In 1947, Doll added punting and punt and kickoff return duties to his role as a starting halfback. In October 1947, he was leading the Pacific Coast Conference with an average of 45 yards per punt; he was also leading the Conference with an average of 20 yards on punt returns. One of the highlights of the 1947 season for USC was a 32–0 victory in Columbus, Ohio, over a highly touted Ohio State team. Doll started the Trojans' scoring against the Buckeyes with a 42-yard touchdown run around the left end in the first quarter. Doll's longest gain of the season was a 95-yard kickoff return in a 21–0 victory over Cal.

At the end of the 1947 season, Doll was picked as a first-team back on the United Press All-Coast Conference team.

The 1947 Trojans won the Pacific Coast Conference championship and faced Michigan's famed "Mad Magicians" team in the 1948 Rose Bowl. USC lost the game 49–0, and Doll was one of the few USC players praised for his performance in the game. Sports writer Maxwell Stiles wrote, "Don Doll was a power in the secondary until he was forced out with what was reported to be a broken arm."

===1948 season===
In 1948, Doll played his final season at the left halfback position for USC. He scored the Trojans' only touchdown on a 28-yard run in a 7–0 victory over Rice. The following week, Doll again scored USC's only touchdown, this time in an 8–7 loss to Oregon. He added two touchdowns in a 32–7 win over Washington.

At the end of the 1948 season, Doll was selected as a first-team halfback on the Associated Press All-Pacific Coast Team. He was also selected as the halfback and punter for the West team in the 1948 East–West Shrine Game.

==Professional football player==
Doll was drafted by the Detroit Lions in the 9th round (67th overall pick) of the 1948 NFL draft. He signed a one-year contract with the team in February 1949. He played as a defensive back for the Lions for four years from 1949 to 1952. He was selected as an All-Pro player in his first three seasons in the NFL (1949–1951). He was also selected four times to play in the Pro Bowl (1950–1953).

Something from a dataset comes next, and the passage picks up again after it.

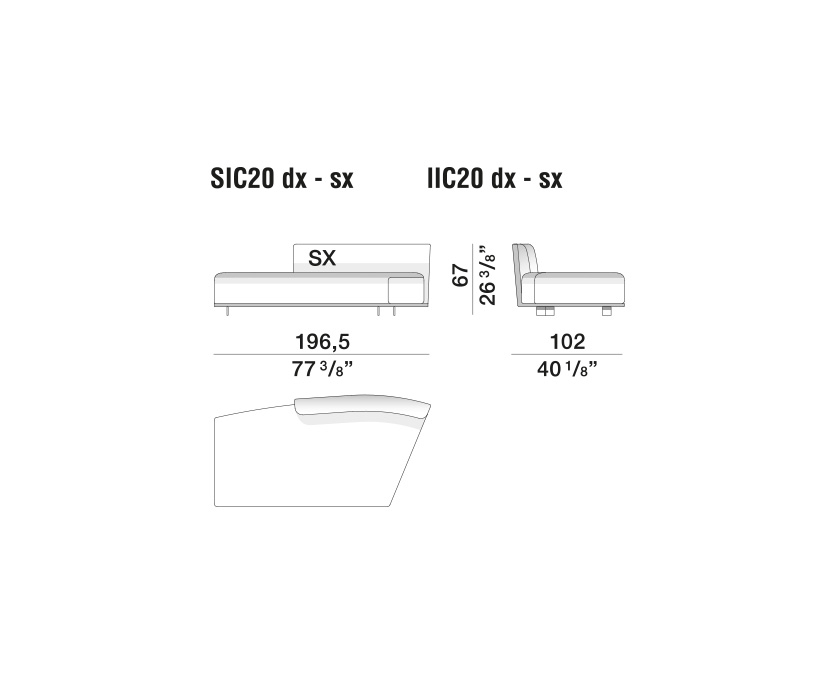 Cleo - SIC20 dx sx IIC20 dx sx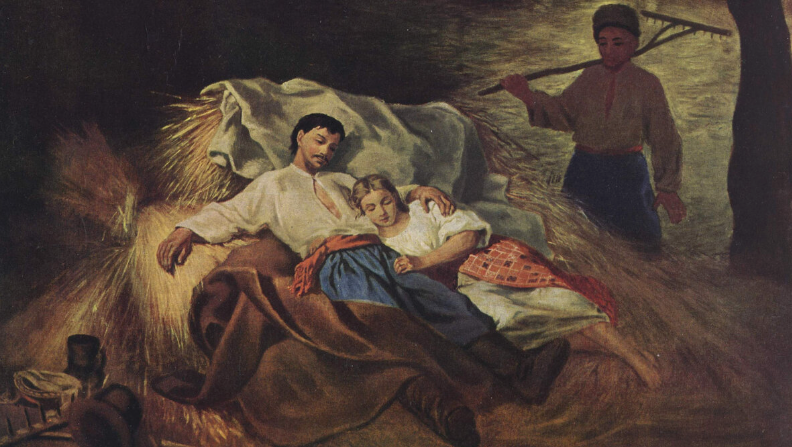 Константин Трутовский - "На сеновале" (1872)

At 5 feet, 11 inches, and 185 pounds, Doll was small for a professional football player. In a 1954 profile on Doll, a reporter noted, "Don, who's built like a bank clerk, piano tuner, soda jerk, errand boy or -- egad -- even a sports writer doesn't look any more like a pro gridder than your cousin Joe." Doll explained how he handled the disparity in size with the players he was required to tackle:

I just throw a shoulder into 'em and hit 'em low. If they are over two tons I aim for their shoelaces. If they're medium sized (around boxcar weight) I hit for the thighs. I'll admit I do not drive 'em back but I stop 'em where they are. ... My size is no detriment in football. I rate as the No. 1 asset the 'desire' to tackle. And I've plenty of that desire.

===1949 season===
During his rookie season, Doll had 11 interceptions which he returned for 301 yards, including a 95-yard return for a touchdown against the Pittsburgh Steelers on October 8, 1949. His 301 return yards off interceptions set an NFL record that stood until 1961. His total still ranks 5th all-time in NFL history. Doll still holds the record for most interception return yards by a rookie, and it is one of the oldest remaining records in the NFL.

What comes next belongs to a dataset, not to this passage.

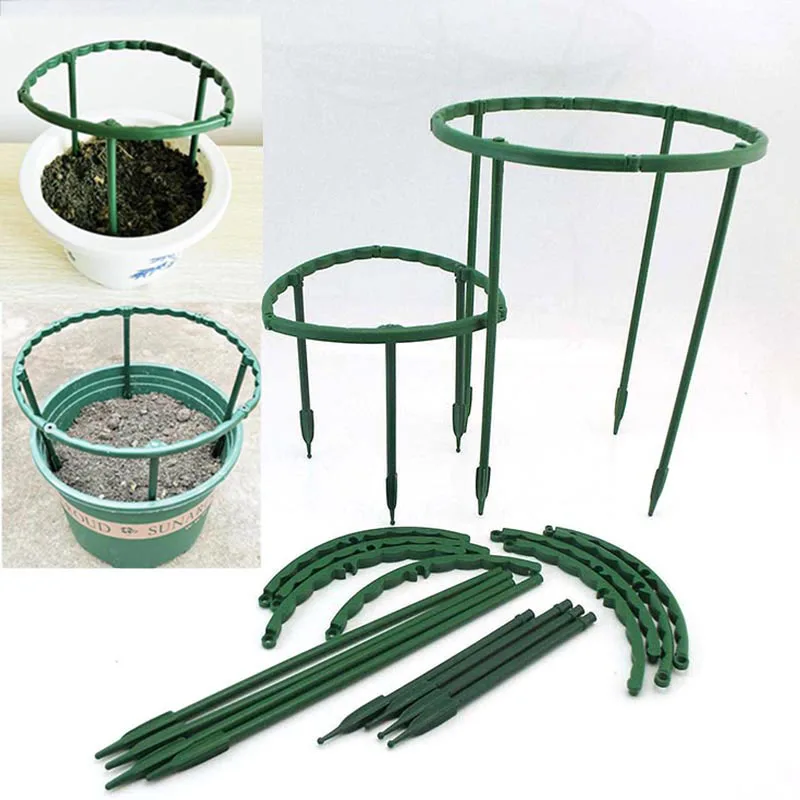 

15cm 25cm Garden Plant climbing Support Cage Plie Flower Stand Holder Plastic GreenHouse for Orchard Fixing Rod Bonsai Tools K5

Doll also led the NFL in 1949 with 536 kickoff return yards. He also tied an NFL record on October 23, 1949, with four interceptions in a 24–7 win over the Chicago Cardinals.

===1950 season===
In his second season in the NFL, Doll snagged 12 interceptions in 11 games, one interception short of the NFL record of 13 interceptions set by Dan Sandifer in 1948.

At the end of the 1950 season, Doll was selected as a first-team All-Pro for the second straight year and was also selected to appear in his first Pro Bowl.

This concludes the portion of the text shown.